Long ago in a galaxy far, far away, I was a college student who found work at a local radio station in Kentucky that was blessed to have, as its manager, a fellow named Raymond Holbrook.
Raymond Paul Holbrook
photo from the Lexington Herald
Ray was a broadcaster's broadcaster who came up in radio after a degree in journalism from the University of Kentucky and his then-obligatory national service as a Captain in the Air Force. His work in radio took him from several stations in Kentucky to television, to the Radio Advertising Bureau in Washington and, finally, back to his home at WVLK in Lexington. When you fly to Lexington in an airliner, it is Ray's voice that welcomes you to the terminal.
I always considered it my very good fortune to have met and worked for Ray Holbrook. We got back in touch a few years ago and amid a little reminiscing I decided to make a trip back to Kentucky to see him. The Keeneland race track, practically next door, is home to one of the most beautiful horse racing venues in the world so I decided to time my visit in April or October to spend an additional afternoon in reunion with college buddies, bourbon and burgoo while watching the ponies run. As things go sometimes, I put off the trip and learned last week that Ray died in December.
Ray was not only a broadcaster and friend to me, he was a pilot and writer, too. We spent lots of time talking flying before I did my first real training, and talking about writing before I sold a thing. To make myself feel better as much as anything, after a one-sided conversation while walking alone last week, I wrote him an email that I'm posting here word for word. One note: he showed me an early draft of an essay about a flight with a friend of his in a Crosley Moonbeam. It was published years later in one of the aviation magazines. I'm recreating the last lines of that essay as best I can remember them so the words aren't mine - they're his.

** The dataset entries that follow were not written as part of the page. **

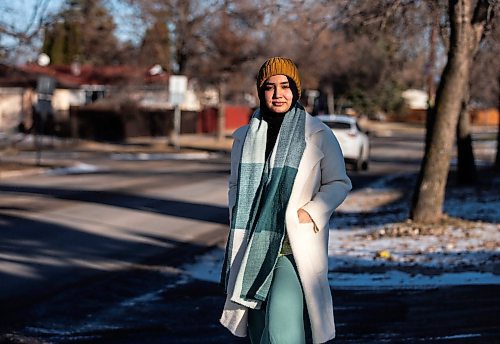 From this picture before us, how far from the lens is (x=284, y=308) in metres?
4.45

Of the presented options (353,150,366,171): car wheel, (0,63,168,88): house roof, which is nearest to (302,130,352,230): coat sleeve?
(353,150,366,171): car wheel

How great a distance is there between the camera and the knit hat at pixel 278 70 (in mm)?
4617

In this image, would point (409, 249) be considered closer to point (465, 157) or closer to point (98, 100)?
point (465, 157)

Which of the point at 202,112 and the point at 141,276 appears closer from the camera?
the point at 141,276

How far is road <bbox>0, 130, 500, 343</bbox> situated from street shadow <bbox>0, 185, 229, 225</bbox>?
23mm

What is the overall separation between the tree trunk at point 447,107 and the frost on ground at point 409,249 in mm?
366

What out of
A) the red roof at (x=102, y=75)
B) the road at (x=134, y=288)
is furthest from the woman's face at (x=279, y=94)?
the red roof at (x=102, y=75)

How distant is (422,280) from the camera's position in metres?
9.64

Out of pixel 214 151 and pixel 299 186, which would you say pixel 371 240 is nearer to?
pixel 299 186

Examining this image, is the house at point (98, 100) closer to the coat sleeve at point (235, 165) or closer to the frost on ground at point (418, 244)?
the frost on ground at point (418, 244)

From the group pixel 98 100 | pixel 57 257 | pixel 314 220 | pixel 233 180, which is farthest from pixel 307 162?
pixel 98 100

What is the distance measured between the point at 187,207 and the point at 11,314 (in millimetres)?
9529

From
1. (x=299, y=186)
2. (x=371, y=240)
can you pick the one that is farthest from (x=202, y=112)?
(x=299, y=186)

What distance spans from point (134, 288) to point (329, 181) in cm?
553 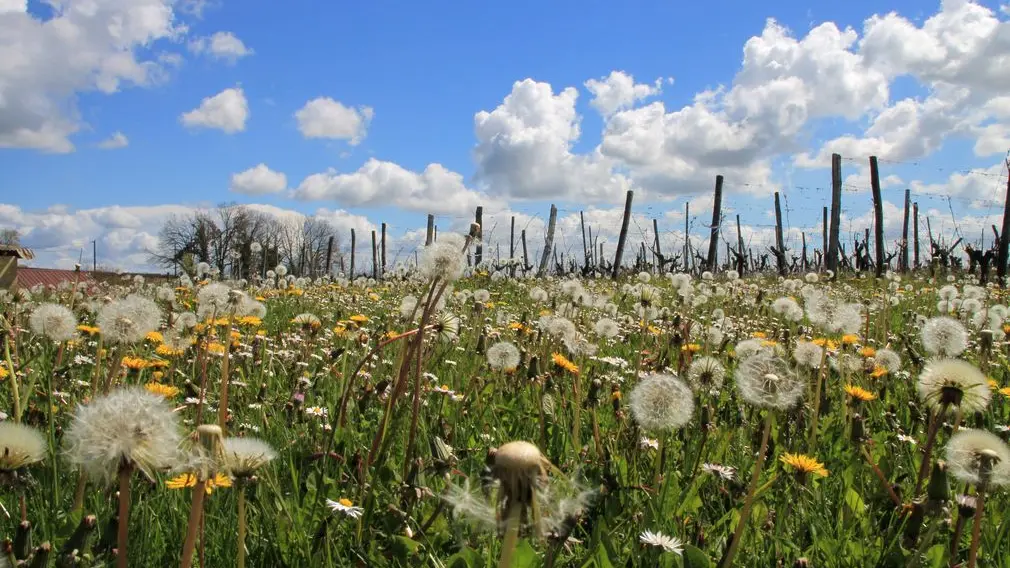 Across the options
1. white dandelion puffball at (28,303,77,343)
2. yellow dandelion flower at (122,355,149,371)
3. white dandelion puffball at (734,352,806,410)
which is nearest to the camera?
white dandelion puffball at (734,352,806,410)

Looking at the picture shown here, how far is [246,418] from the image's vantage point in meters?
2.52

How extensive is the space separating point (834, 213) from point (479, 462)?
16278 mm

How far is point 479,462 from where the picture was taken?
2191mm

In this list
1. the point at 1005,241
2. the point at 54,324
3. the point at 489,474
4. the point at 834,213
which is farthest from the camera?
the point at 834,213

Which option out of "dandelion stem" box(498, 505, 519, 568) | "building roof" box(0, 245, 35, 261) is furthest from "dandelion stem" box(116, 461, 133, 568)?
"building roof" box(0, 245, 35, 261)

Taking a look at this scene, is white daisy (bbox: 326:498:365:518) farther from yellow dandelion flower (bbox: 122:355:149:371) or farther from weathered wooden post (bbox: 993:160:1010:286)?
weathered wooden post (bbox: 993:160:1010:286)

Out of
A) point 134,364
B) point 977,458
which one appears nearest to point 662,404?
point 977,458

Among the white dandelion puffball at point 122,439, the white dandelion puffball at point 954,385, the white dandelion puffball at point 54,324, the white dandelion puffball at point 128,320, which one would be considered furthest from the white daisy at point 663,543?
the white dandelion puffball at point 54,324

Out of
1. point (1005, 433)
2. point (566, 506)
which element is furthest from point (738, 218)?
point (566, 506)

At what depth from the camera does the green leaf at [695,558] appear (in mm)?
1474

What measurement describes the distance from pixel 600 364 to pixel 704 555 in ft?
8.06

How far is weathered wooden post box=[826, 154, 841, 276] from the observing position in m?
15.9

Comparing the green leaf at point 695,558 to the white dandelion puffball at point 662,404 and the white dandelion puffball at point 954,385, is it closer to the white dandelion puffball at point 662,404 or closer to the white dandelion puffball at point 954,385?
the white dandelion puffball at point 662,404

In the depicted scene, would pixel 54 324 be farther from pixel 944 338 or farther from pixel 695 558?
pixel 944 338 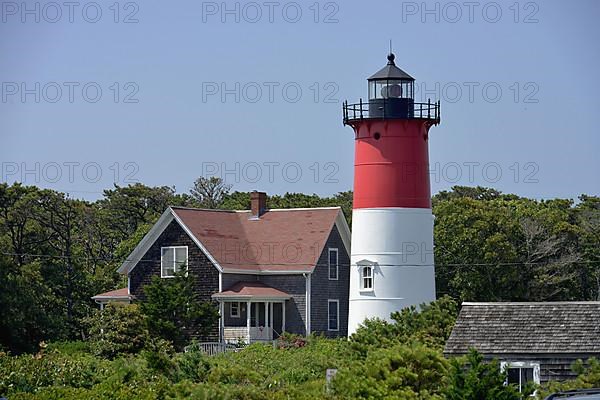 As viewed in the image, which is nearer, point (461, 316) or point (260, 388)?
point (260, 388)

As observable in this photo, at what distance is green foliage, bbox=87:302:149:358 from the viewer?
144 ft

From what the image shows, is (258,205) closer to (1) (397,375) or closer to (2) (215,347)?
(2) (215,347)

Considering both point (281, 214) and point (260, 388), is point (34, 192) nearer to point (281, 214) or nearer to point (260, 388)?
point (281, 214)

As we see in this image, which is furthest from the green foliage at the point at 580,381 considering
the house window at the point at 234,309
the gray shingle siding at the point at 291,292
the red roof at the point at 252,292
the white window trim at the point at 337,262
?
the white window trim at the point at 337,262

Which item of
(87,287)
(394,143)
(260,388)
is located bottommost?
(260,388)

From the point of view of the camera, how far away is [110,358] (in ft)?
142

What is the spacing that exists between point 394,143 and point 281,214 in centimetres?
1097

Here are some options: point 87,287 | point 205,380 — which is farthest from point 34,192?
point 205,380

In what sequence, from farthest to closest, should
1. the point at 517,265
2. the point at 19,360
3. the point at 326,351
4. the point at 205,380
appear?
the point at 517,265 → the point at 326,351 → the point at 19,360 → the point at 205,380

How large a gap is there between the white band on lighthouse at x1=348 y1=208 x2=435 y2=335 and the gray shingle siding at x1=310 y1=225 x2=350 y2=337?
625cm

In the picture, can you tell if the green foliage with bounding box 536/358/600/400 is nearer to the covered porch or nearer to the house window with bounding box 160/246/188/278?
the covered porch

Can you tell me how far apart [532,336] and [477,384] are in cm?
717

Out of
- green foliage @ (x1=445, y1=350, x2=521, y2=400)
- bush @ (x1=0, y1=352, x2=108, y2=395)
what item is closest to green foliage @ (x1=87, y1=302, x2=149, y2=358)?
bush @ (x1=0, y1=352, x2=108, y2=395)

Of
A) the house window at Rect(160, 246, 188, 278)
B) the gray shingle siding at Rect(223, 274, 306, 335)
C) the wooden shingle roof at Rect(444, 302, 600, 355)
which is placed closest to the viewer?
the wooden shingle roof at Rect(444, 302, 600, 355)
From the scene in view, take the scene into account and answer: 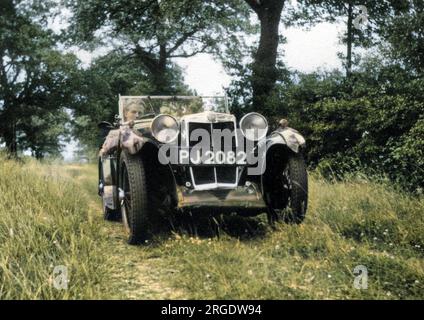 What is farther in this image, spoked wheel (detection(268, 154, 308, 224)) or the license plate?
spoked wheel (detection(268, 154, 308, 224))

Another line expresses the frustration of writing - that came from Richard Bach.
"Well, Ray, my trip to Kentucky - the one I've been postponing for stupid reasons - was postponed one Keeneland meeting too many.
"It's probably foolish, seeing as how you've flown west ahead of me, but I want you to know how much you meant to me when I was an aspiring radio, and later TV, guy. I should have chosen to stay on the talent side but I wanted to go where the 'big money' was and tried my hand at sales. What a comeuppance that was! You were generous, though, and let me fire myself from Channel 27. Much later, when I called myself the "world's worst TV advertising salesman", you wouldn't accept the description. It worked out well; as a TV ad salesman I made a pretty good pilot.
"The flying thing? That was your doing, too. I had always loved airplanes, spent untold hours at little airports as a young teenager. When you gave me a chance to sell some advertising to Mr. Boehmer at Bluegrass Field, he ended up selling me flying lessons in return. I think I got the best commission of my life that day. It took me 9 years to build the hours to get my first flying job, but that was the next big day in a series of big days that stretched over 40 years. At the end, I was Chief Pilot and Director of Flight Operations at an international flight department out of New York, flying all over the world, the bear who went over the mountain.
"The writing thing? You were a big part of that, too. Air&Space/Smithsonian published three or four of my essays; somebody else printed one as a contest winner. I actually got paid by A&S and they wanted more, but I stopped writing, largely because I didn't feel right, baring myself that way. Your essays for the aviation magazines, on the other hand, were awfully good. We spent time talking about writing, reading Gordon Baxter and others, debating what was good and what wasn't. I suspect it was a personal pursuit for you, too - too personal, almost painful, to spend your days and nights wadding up little balls of paper and throwing them into a corner of the room when the words didn't come out just right. I never did get past that, myself.
"So this note to you, my friend, may never be read, at least on this green earth; it comes a little late. I thought I might put my long overdue trip to Kentucky together for next month. Something made me use the computer to search your name one more time and I saw the writeup in the Herald. You're gone, it said, but you're not and never will be as long as those who love you have breath.
"Save me a place to tie down. When we've had lunch I'll give you a prop and we'll take the Crosley Moonbeam to the runway, cut the cord that ties us to the earth, and let it slowly drift away.
"Fly Safe"
Crosley Moonbeam, s/n 4, at the Kentucky Aviation Museum in Lexington
Photo posted to a "Wiki" site and attributed to a fellow who calls himself "6oclocklow"
Of all the things I've done and not done, the greatest regrets have come from those reunions not kept.